GP Practices Reverting To GMS

Information received under a Freedom of Information Act request has revealed that around one in 20 GP practices has moved to general medical services (GMS) from private medical services (PMS) since April 2010, in a bid to ‘claw back’ funding.

According to the information, of more than 3,000 PMS practices across 151 PCTs in England, around one in 20 have moved back to GMS, with some 66 per cent of practices that moved receiving equivalent top-up funding from their primary care trust (PCT), even though PMS practices that switch back are not statutorily entitled to receive minimum practice income guarantee (MPIG) support.

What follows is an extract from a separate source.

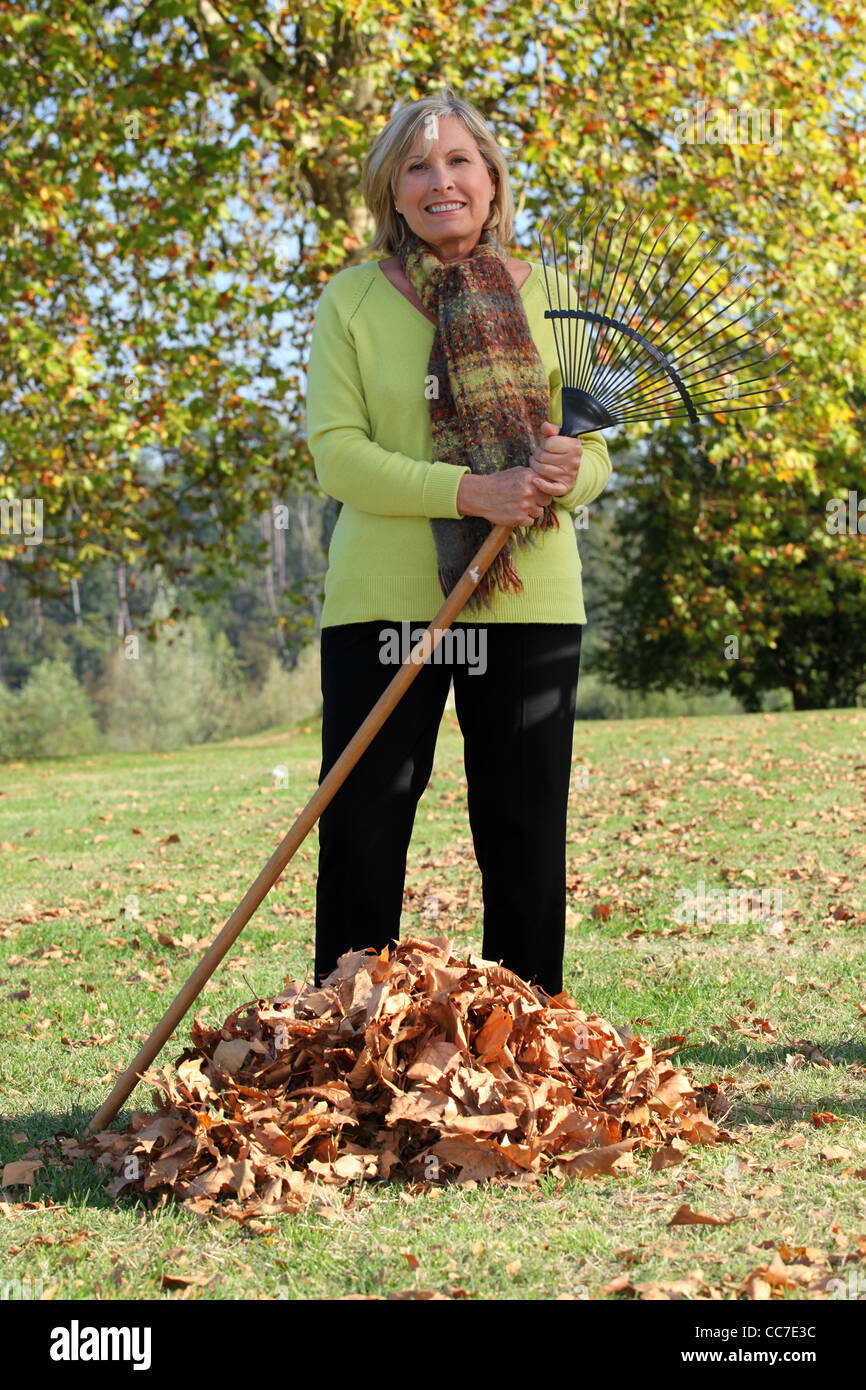 Mature woman raking leaves hi-res stock photography and images - Alamy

The moves occurred all across England, with 25 out of 30 PMS practices returning to GMS in Gloucestershire PCT and 12 in Derby City PCT, all with the aim of protecting their income.

Meanwhile, it has been revealed that more than half of Essex PMS practices have signed up to switch to GMS with special financial protection from the NHS England area team.

The special deal allows PMS practices to revert to GMS but with seven years’ worth of top-up payments. Although all PMS practices have the right to revert to a GMS contract at any given time, the Essex practices would see special treatment because of the transitional funding agreed.

Dubbed the ‘Essex factor’, the top-up payment will be worked out as the PMS ‘premium’, meaning what the practices are being paid above and beyond what they would be paid on a GMS contract, so that once on a GMS contract, the practices will still be paid their premium but it will be reduced by one-seventh each year for seven years.